> **Extracted material**:
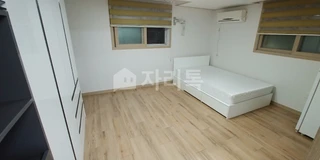 대전 중구 태평동 원룸 매물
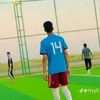 🔥🦅𓅓◦ .🇮🇶 ᭡ | 𝖧✫𓅔𓅕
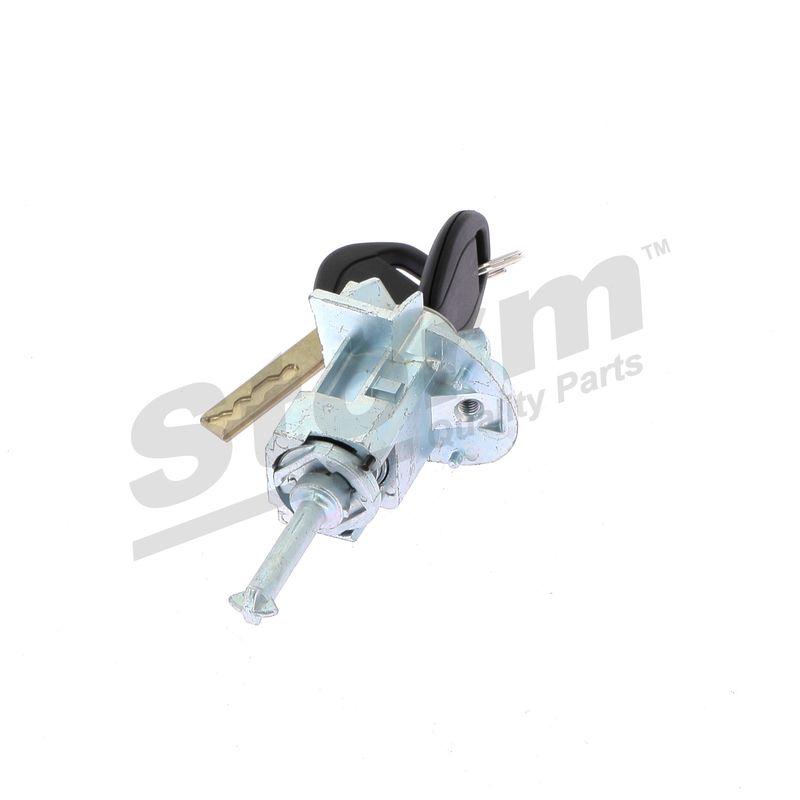 Cylindre de serrure STORM QUALITY PARTS 1512002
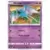 Zubat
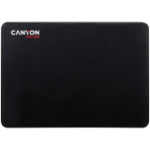 CANYON pad MP-4 350x250mm Black - Image 2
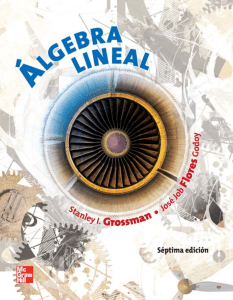 Álgebra-Lineal-7ma-Edición-Stanley-l-Grossman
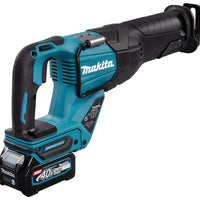 Makita 40V XGT Cordless Brushless Recipro Saw -JR001GZ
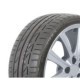 Anvelope vara BRIDGESTONE Potenza S001 285/30R19 FR XL D B 73.0 dB pentru autoturisme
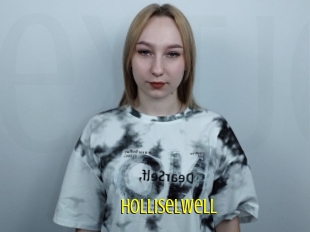 Holliselwell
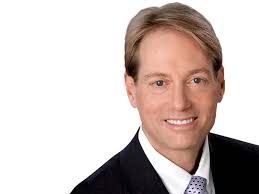 B+C Hall of Fame 2023: Matt Bond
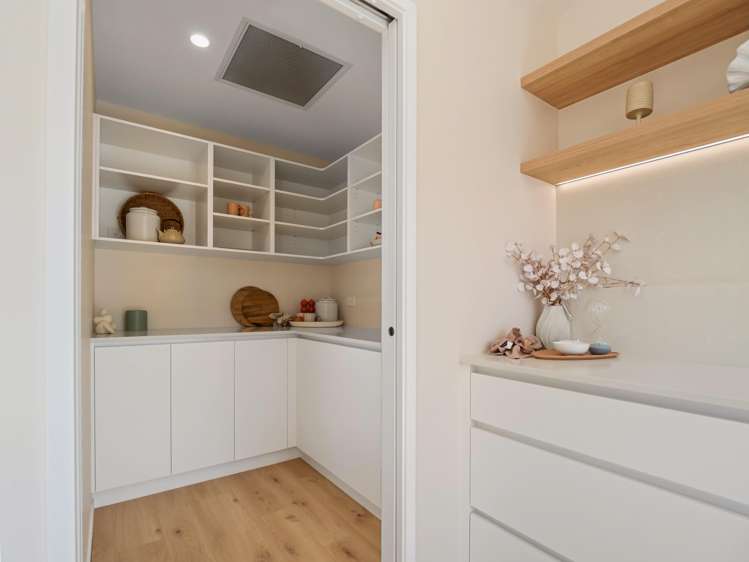 2 Triplefin Avenue Omokoroa_11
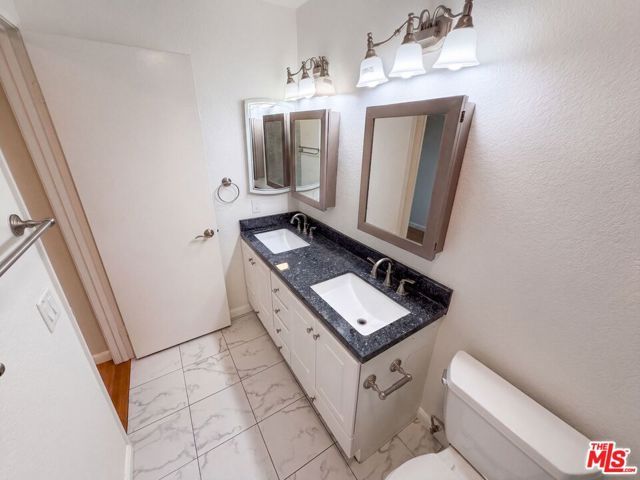 24435 Nan Court, Diamond Bar, CA 91765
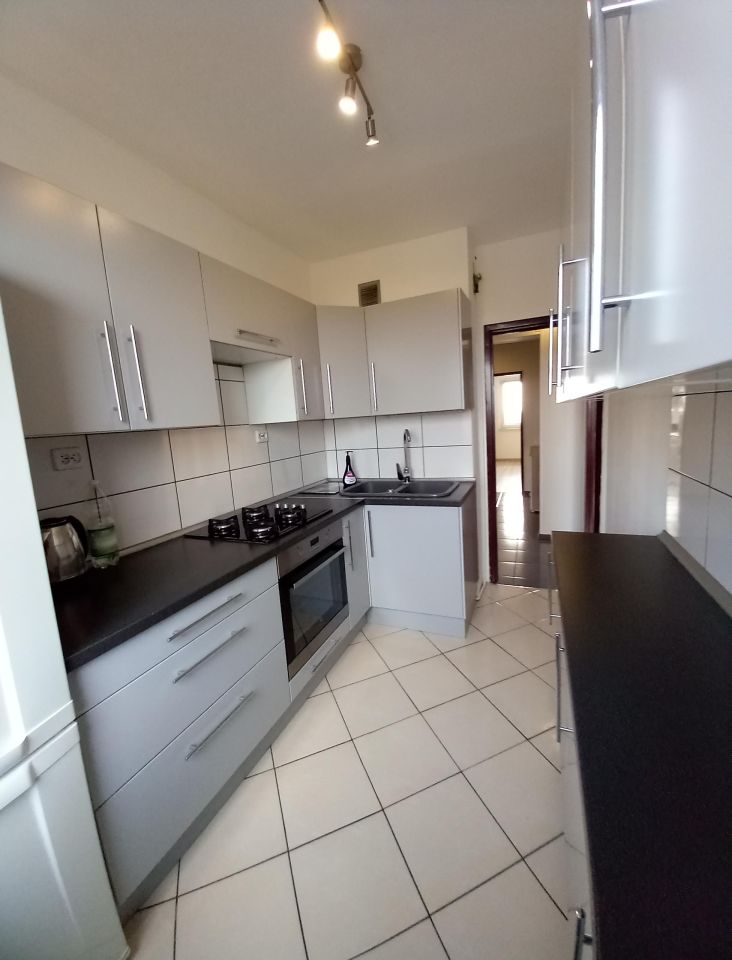 Mieszkanie 2-pokojowe Zabrze, ul. Gdańska. Zdjęcie 7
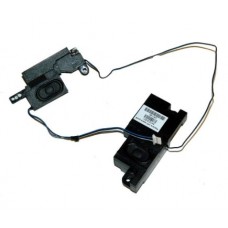 HP Compaq Presario CQ57 Hoparlör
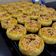 Cooksnap dari dewi rani untuk resep Garlic Cheese Cookies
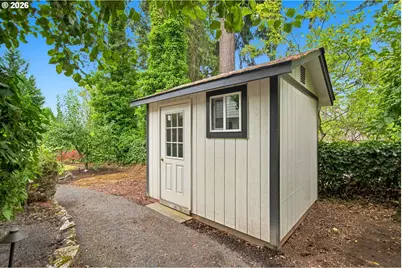4830 NW Neskowin Ave, Portland, OR 97229 - Photo 43
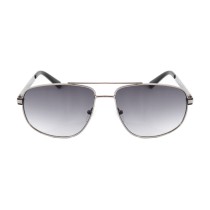 Herrensonnenbrille Guess GF0244-6006B ø 60 mm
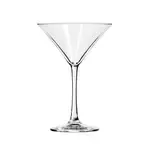 Libbey Glass 7512, Glass, Cocktail / Martini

> **What to do**:
Write out exactly the lines from the line holding "Herrensonnenbrille Guess GF0244-6006B" through the last line of the records above, inclusive, and nothing more. Leave out the pictures.

> **Written response**:
 Herrensonnenbrille Guess GF0244-6006B ø 60 mm
 Libbey Glass 7512, Glass, Cocktail / Martini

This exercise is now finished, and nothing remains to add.